With Mahalak sidelined Ellis Knudson has taken over at quarterback. The 6-2, 241-pound redshirt sophomore has completed just 50 percent of his attempts for 178.8 yards per game with five touchdowns and five interceptions. He’s not much of a threat to run but has used his bulk to score a pair of touchdowns on the ground.

Against St. Francis Knudson came off the bench when Mahalak was injured and passed for 301 yards on just 10 completions, a whopping 30.1 yards per completion.

With Victor out of action, speedy redshirt freshman Shane Simpson is the featured back. He ran for 76 yards on 13 carries in last week’s loss to Stony Brook. Classmate Deshaun Wethington will split time with Simpson after carrying 13 times for 67 yards a week ago. Simpson is averaging 5.1 yards per carry and Wethington 6.2 while Victor had been averaging 4.3

Christian Summers, a 6-3 senior, heads up the receiving corps with 23 catches for 493 yards and a 21.4-yard averaged boosted by a 94-yard TD grab against St. Francis. He had a 43-yarder in the same game. Andre Dessenberg, another 6-3 receiver, is next with 22 catches, including a 46-yarder and one touchdown.

Defensively, Towson is allowing opponents to complete 64.1 percent of their passes with 12 touchdowns and just three interceptions. The Tigers have seen teams they played convert 53 percent of their third-down attempts.

Although Towson is just 1-4 that record could be a lot better.

A week ago the Tigers let a 17-7 lead slip away but had a first down at the Stony Brook 28 on its final drive. The chance to pull out the win disappeared with a fourth-down incompletion that sealed a 27-20 loss.

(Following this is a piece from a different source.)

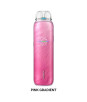 Kit Pixo Max Aspire Pink Gradient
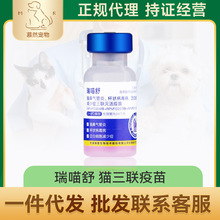 ����������؈����؈������������؈����֧��؈��؈С؈һƿһ�a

A week earlier Towson had the ball at the Richmond 38 with 53 seconds remaining but failed to convert a fourth-and-two that closed the books on a 31-28 loss to a top-10 team.

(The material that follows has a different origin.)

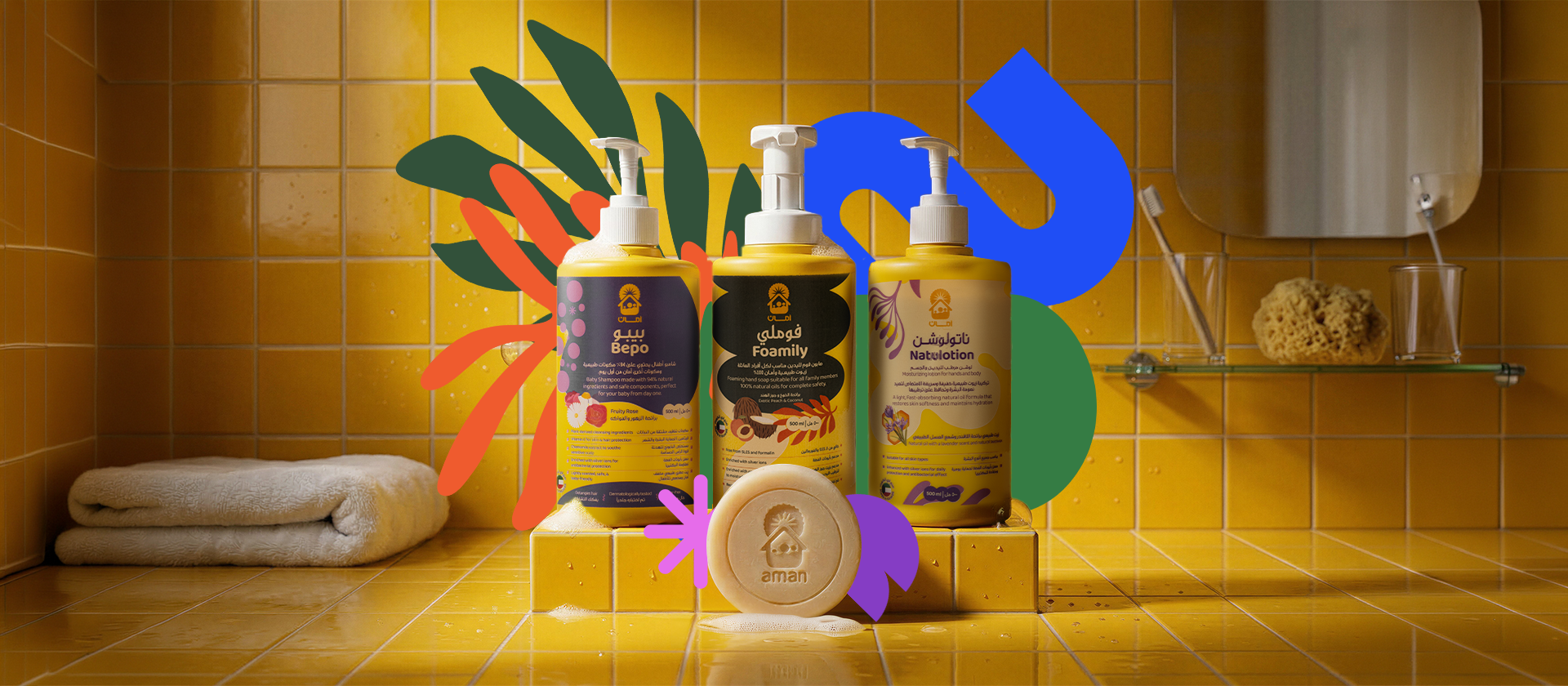 All Products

Teevens can relate to the frustration the Tigers must have felt after Dartmouth came up empty on two fourth-down attempts in Yale territory last week.

“At crunch time we didn’t make a play when we had to,” he said. “We have to make plays.”

That’s a sentiment senior co-captain Flo Orimolade was stressing this week.

Injuries or not, he said, the Big Green has to “Find a way to make a play. Third down, crucial situations, you have to make plays, no matter who is in.”

NOTES

Towson fielded its first football team in 1969. … The Tigers are 3-6 against Ivy League opponents but haven’t played against an Ivy team since losing to Columbia, 24-10, in 2011. … They played for the national championship in 2013, winning a school-record 13 games. … Towson makes it two Granite State opponents in as many weeks when it plays host to New Hampshire next week.

The Tigers roster features FBS transfers from Oregon, Maryland, Southern Mississippi, Connecticut, Central Florida, Kent State and Old Dominion. … Rather than naming captains, six “kings” have leadership roles for Towson, with each having two “sentinels” and a “kingdom.”

Victor has 3,309 rushing yards in his career, third on the Towson charts. Nick Schwieger holds the Dartmouth record with 3,150 yards. … The Tigers have four players on current NFL rosters. Terrance West is a running back with the Ravens, Ryan Delaire is a defensive end with the Panthers, Jordan Dangerfield is a safety with the Steelers and Jermon Bushrod is an offensive lineman for the Dolphins.

Towson is the fourth CAA school Dartmouth will have played, joining New Hampshire, Maine and William & Mary. … The Big Green hasn’t lost to a first-time opponent since falling to Fordham in 1951. … Dartmouth’s 58 pass attempts last week at Yale were the most by the Big Green since a 2004 game at Colgate when Charlie Rittgers threw 59 passes and the team 60 in a 17-15 loss. … Jack Heneghan is averaging 276.5 yards per game and at that rate he would finish the year with 2,765 yards, second on the all-time chart behind Brian Mann’s 2,913 in 2002. Jay Fiedler is currently second all-time at Dartmouth with 2,748 yards in 1992. … Flo Orimolade leads the Ivy League in sacks with four, and tackles for loss with 8.5. He’s also atop the conference stats with three forced fumbles. … Towson closes out the Big Green nonconference schedule.